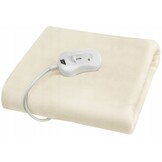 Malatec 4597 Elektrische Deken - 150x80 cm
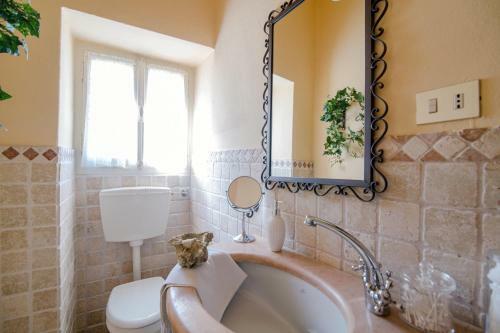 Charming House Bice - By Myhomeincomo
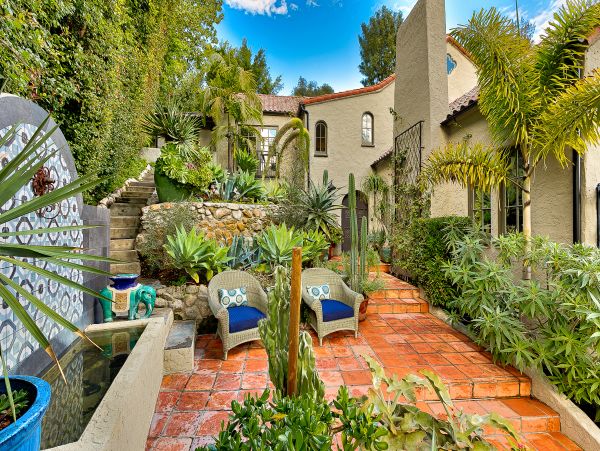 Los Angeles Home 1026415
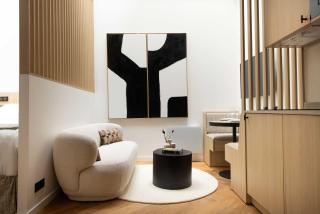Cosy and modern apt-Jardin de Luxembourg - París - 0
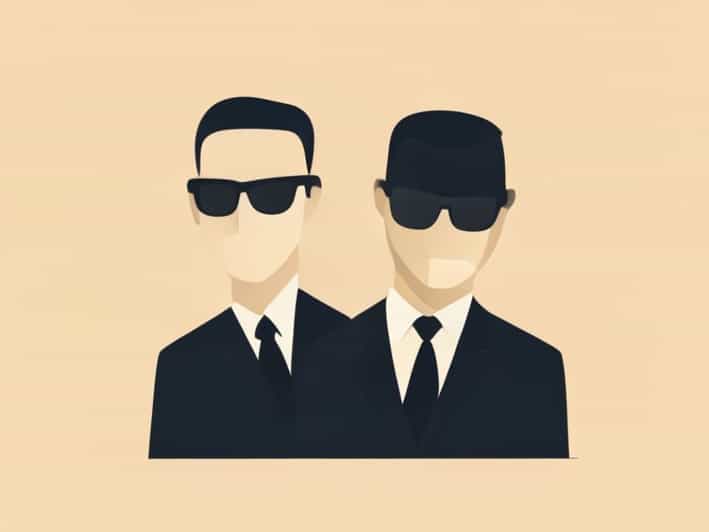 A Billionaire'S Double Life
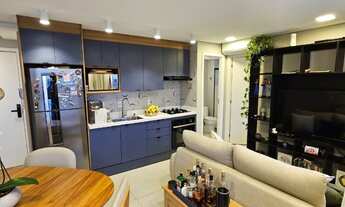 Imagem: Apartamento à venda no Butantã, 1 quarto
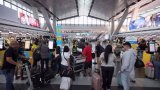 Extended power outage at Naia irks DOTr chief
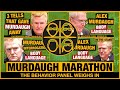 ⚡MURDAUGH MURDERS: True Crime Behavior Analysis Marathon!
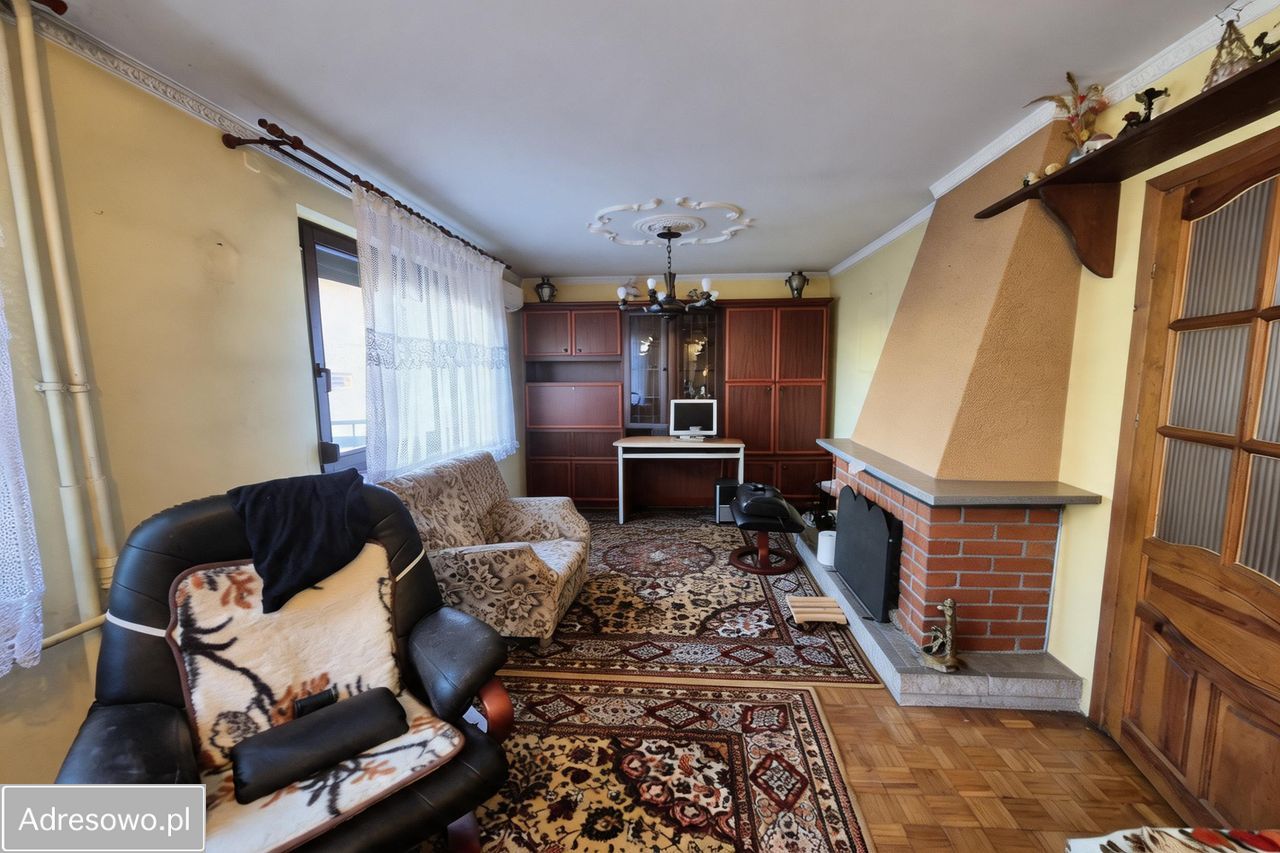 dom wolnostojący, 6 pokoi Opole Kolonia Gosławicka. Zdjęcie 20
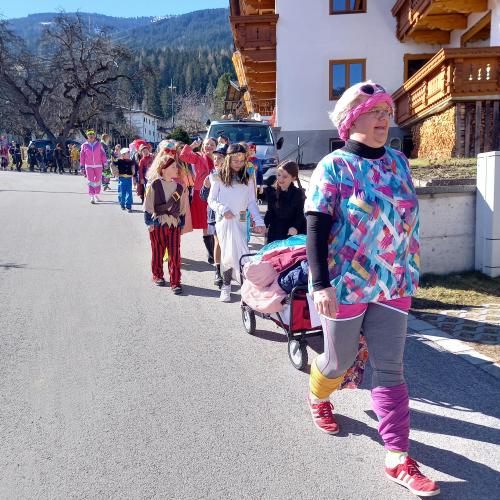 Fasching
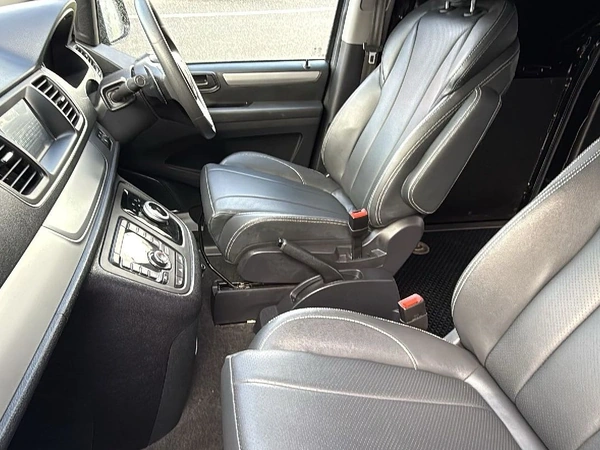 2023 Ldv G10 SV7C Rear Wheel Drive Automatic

* * *

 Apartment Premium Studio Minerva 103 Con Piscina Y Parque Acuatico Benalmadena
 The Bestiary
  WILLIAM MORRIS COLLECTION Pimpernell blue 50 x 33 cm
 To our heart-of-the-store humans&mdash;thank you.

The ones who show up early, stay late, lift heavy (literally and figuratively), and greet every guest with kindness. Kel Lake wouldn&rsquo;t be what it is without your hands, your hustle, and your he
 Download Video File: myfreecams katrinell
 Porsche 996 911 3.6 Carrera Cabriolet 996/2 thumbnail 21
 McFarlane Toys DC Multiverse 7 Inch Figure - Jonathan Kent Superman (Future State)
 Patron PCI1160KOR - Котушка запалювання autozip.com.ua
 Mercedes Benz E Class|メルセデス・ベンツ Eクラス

---

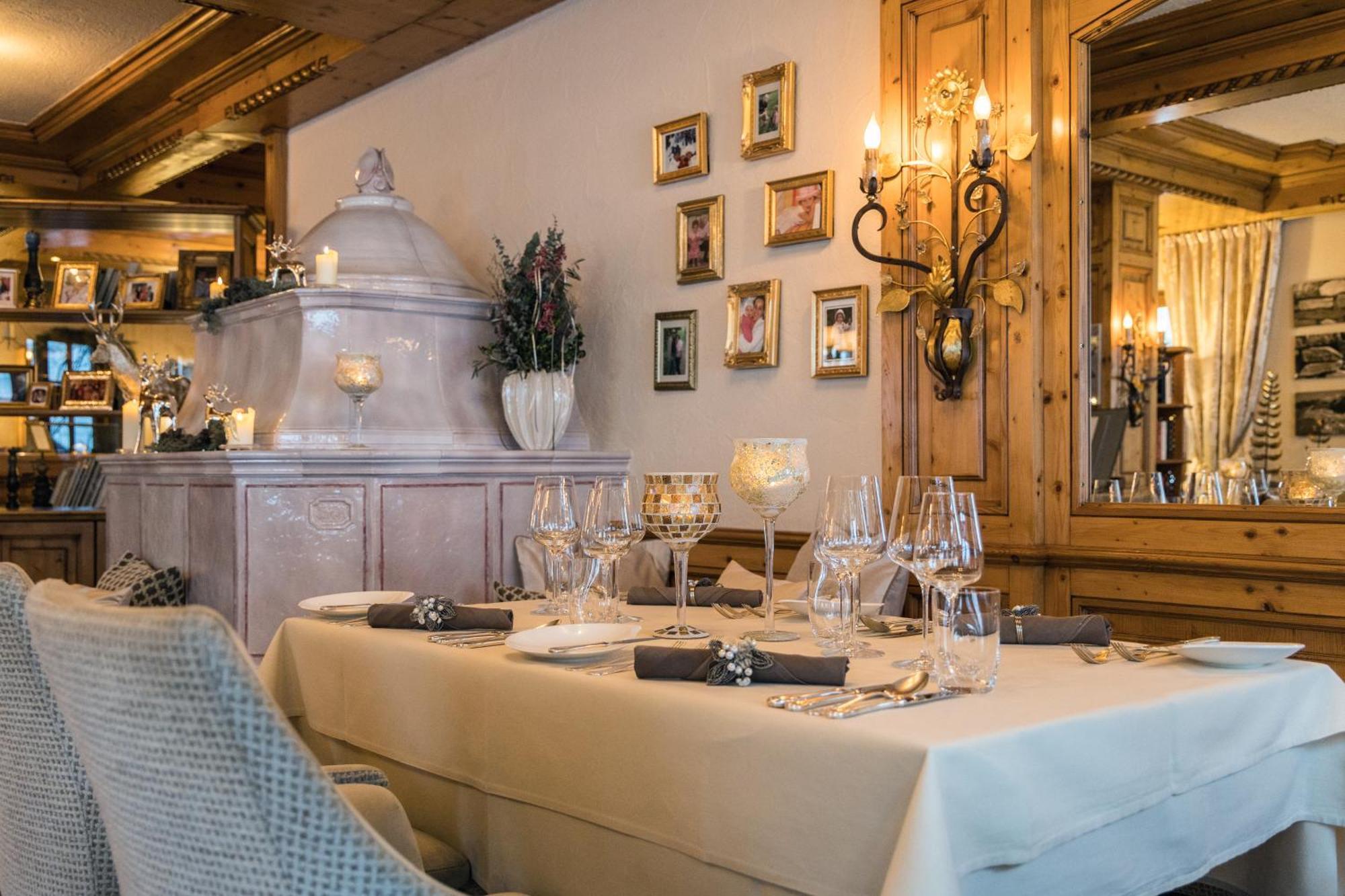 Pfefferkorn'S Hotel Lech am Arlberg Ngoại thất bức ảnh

Brief: Scan the lines above for "Apartment Premium Studio" and for "Mercedes Benz E Class|メルセデス・ベンツ Eクラス". Repeat exactly the line holding each of them and every line in between.

Problem solution:
 Apartment Premium Studio Minerva 103 Con Piscina Y Parque Acuatico Benalmadena
 The Bestiary
  WILLIAM MORRIS COLLECTION Pimpernell blue 50 x 33 cm
 To our heart-of-the-store humans&mdash;thank you.

The ones who show up early, stay late, lift heavy (literally and figuratively), and greet every guest with kindness. Kel Lake wouldn&rsquo;t be what it is without your hands, your hustle, and your he
 Download Video File: myfreecams katrinell
 Porsche 996 911 3.6 Carrera Cabriolet 996/2 thumbnail 21
 McFarlane Toys DC Multiverse 7 Inch Figure - Jonathan Kent Superman (Future State)
 Patron PCI1160KOR - Котушка запалювання autozip.com.ua
 Mercedes Benz E Class|メルセデス・ベンツ Eクラス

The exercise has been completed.